▸ **RECORDED DATA**:
::::::::::

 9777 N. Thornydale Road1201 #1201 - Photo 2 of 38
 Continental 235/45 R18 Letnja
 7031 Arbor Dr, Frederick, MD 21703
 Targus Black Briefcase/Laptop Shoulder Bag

::::::::::

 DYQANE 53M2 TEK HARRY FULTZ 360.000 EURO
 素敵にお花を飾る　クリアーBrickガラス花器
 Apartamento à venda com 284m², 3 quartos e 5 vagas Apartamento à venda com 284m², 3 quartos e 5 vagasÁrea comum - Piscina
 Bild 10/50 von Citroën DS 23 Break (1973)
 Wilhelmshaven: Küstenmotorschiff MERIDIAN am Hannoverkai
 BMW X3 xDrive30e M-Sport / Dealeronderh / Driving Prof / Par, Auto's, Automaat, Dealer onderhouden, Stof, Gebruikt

::::::::::

Out of the listing above, reproduce exactly the lines from the one with "Continental 235/45 R18 Letnja" up to and including the one with "Targus Black Briefcase/Laptop Shoulder Bag".

▸ **SOLUTION**:
 Continental 235/45 R18 Letnja
 7031 Arbor Dr, Frederick, MD 21703
 Targus Black Briefcase/Laptop Shoulder Bag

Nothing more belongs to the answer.